"ainsi
la légende"
Rilke répond à la Comtesse. La première partie
de ce texte est de tout premier intérêt, car elle expose la
légende, perçue et retransmise par Rilke, qui caractérisait
le personnage de Proust dans les années de parution de Swann. De
qui Rilke a-t-il appris ces renseignements sur Proust ?
RILKE A MARIE TAXIS , à lautschin.
PAris, 17, rue Campagne-Première, XIVe.
Ce 2 février 1914 (lundi).
Quelle chance, ma chère Princesse, que
le Proust vous soit parvenu au moment voulu; il survint également
pour moi avec tant d'à propos, que j'inclinais à m'ababdonner
aux souvenirs, au silence, au flair intérieur, à toutes les
circonstances favorables à cette lecture. Il est vrai que ma demeure,
quelque peu vide, m'ignore à peu près, n'est qu'une pelure
enveloppant toutes les autres pelures, contre lesquelles, inépuisables
oignon, je m'excite sensiblement jusqu'aux larmes. Je le vois, nous sommes
tout à fait d'accord sur ce livre, entendez sur la personne
de l'auteur; il est, dit-on, aussi délicat de sentiment qu'irascible,
et il en serait venu à se bettre en duel avec un éditeur
à qui il avait réservé la primeur de son travail en
raison d'une prédilection pour cette maison d'édition; on
y avait en effet une sorte de préjugé défavorable
à l'égard de Proust parce qu'il avait publié au Figaro
différents articles, je ne sais de quel genre, - on croyait par
conséquent avoir affaire à une sorte d'Abel Bonnard, opinion
renforcée encore du fait que l'auteur de Swann se déclara
disposé à financer l'impression de son livre, pourvu qu'il
parût. C'est là ce qui indisposa violemment ces messieurs
littérairement incorruptibles; en outre la lecture du manuscrit
s'annonçait pénible et confuse, ils le refusèrent,
peut-être avec une nuance d'ironie: et ainsi on fut sur le point
de se battre, pour finir par s'embrasser à la suite de quelques
explications. Mais trop tard pour le livre, et l'éditeur en question
ne cesse à présent d'en déplorer amèrement
la perte.
Ecrit-on à Proust sur la matière
des impressions qu'il vous a réservées abondamment tout au
long de ses innombrables pages, il peut arriver qu'il vous réponde
avec émotion, d'intégrale et scrupuleuse façon; de
véritables correspondances se sont développées de
la sorte; mais dès que celui qui en a pris l'initiative, encouragé
par cet authentique échange épistolaire, s'avise de lui demander
si à la faveur d'un pareil besoin de communication mutuel le mieux
qu'on pût faire ne serait pas de l'aller trouver personnellement
chez lui (Proust), ce dernier dans une longue lettre fait comprendre avec
infiniment de délicatesse, que pareille chose est absolument impossible.

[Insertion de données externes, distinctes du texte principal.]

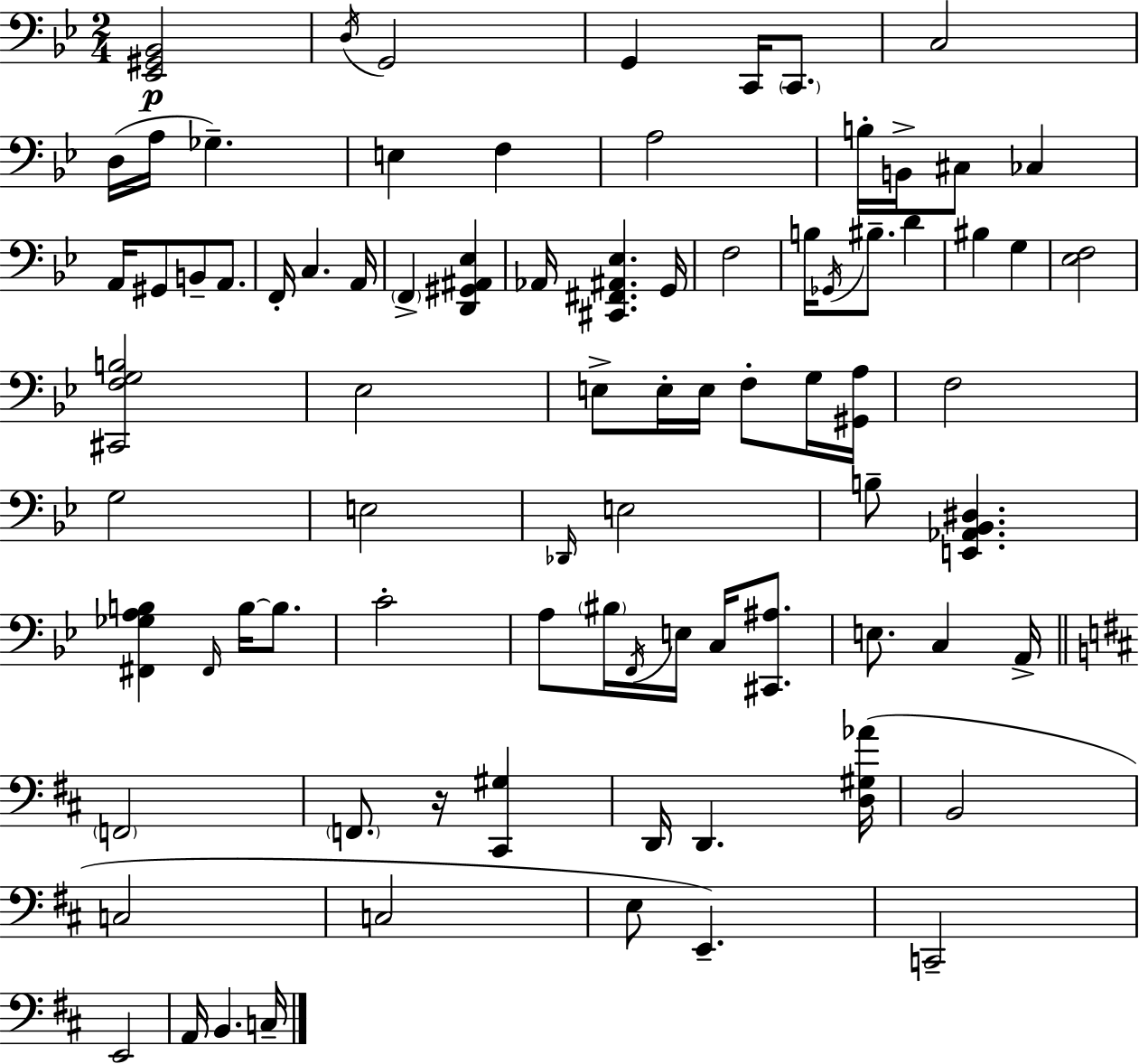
{
  \clef bass
  \numericTimeSignature
  \time 2/4
  \key g \minor
  \repeat volta 2 { <ees, gis, bes,>2\p | \acciaccatura { d16 } g,2 | g,4 c,16 \parenthesize c,8. | c2 | \break d16( a16 ges4.--) | e4 f4 | a2 | b16-. b,16-> cis8 ces4 | \break a,16 gis,8 b,8-- a,8. | f,16-. c4. | a,16 \parenthesize f,4-> <d, gis, ais, ees>4 | aes,16 <cis, fis, ais, ees>4. | \break g,16 f2 | b16 \acciaccatura { ges,16 } bis8.-- d'4 | bis4 g4 | <ees f>2 | \break <cis, f g b>2 | ees2 | e8-> e16-. e16 f8-. | g16 <gis, a>16 f2 | \break g2 | e2 | \grace { des,16 } e2 | b8-- <e, aes, bes, dis>4. | \break <fis, ges a b>4 \grace { fis,16 } | b16~~ b8. c'2-. | a8 \parenthesize bis16 \acciaccatura { f,16 } | e16 c16 <cis, ais>8. e8. | \break c4 a,16-> \bar "||" \break \key b \minor \parenthesize f,2 | \parenthesize f,8. r16 <cis, gis>4 | d,16 d,4. <d gis aes'>16( | b,2 | \break c2 | c2 | e8 e,4.--) | c,2-- | \break e,2 | a,16 b,4. c16-- | } \bar "|."
} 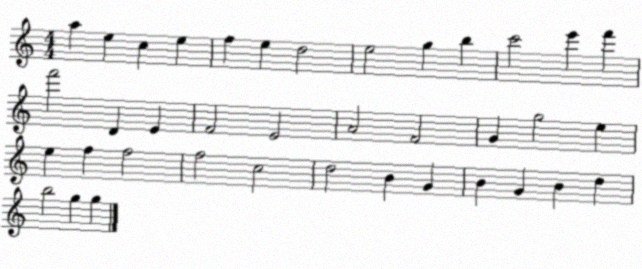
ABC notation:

X:1
T:Untitled
M:4/4
L:1/4
K:C
a e c e f e d2 e2 g b c'2 e' f' f'2 D E F2 E2 A2 F2 G g2 e e f f2 f2 c2 d2 B G B G B d b2 g g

Quant à savoir comment, dans de telles conditions, certains commentaires
sur l'intérieur de Proust n'en ont pas moins pu se divulguer, voilaà
qui est difficile à dire et il serait bon de les accueillir sous
toutes réserves. On sait que, en dépit de son horreur du
bruit, il ne craint pas d'habiter un fort bruyant quartier, au boulevard
Haussmann, mais qu'il se protège contre pareille importunité
du monde extérieur en revêtant les murs de son appartement
de panneaux de liège, d'ailleurs très visibles, et l'on va
jusqu'à prétendre que, s'enfonçant sous différentes
couches d'un silence accru, il interdirait de procéder, en sa présence,
à toute élimination de la poussière. Ainsi la légende;
et au sein de cette dernière, il ne reste plus qu'à imaginer
le Swann ultérieur en devenir; aussi j'espère que les prochaines
cinq cents pages ne se feront pas trop attendre.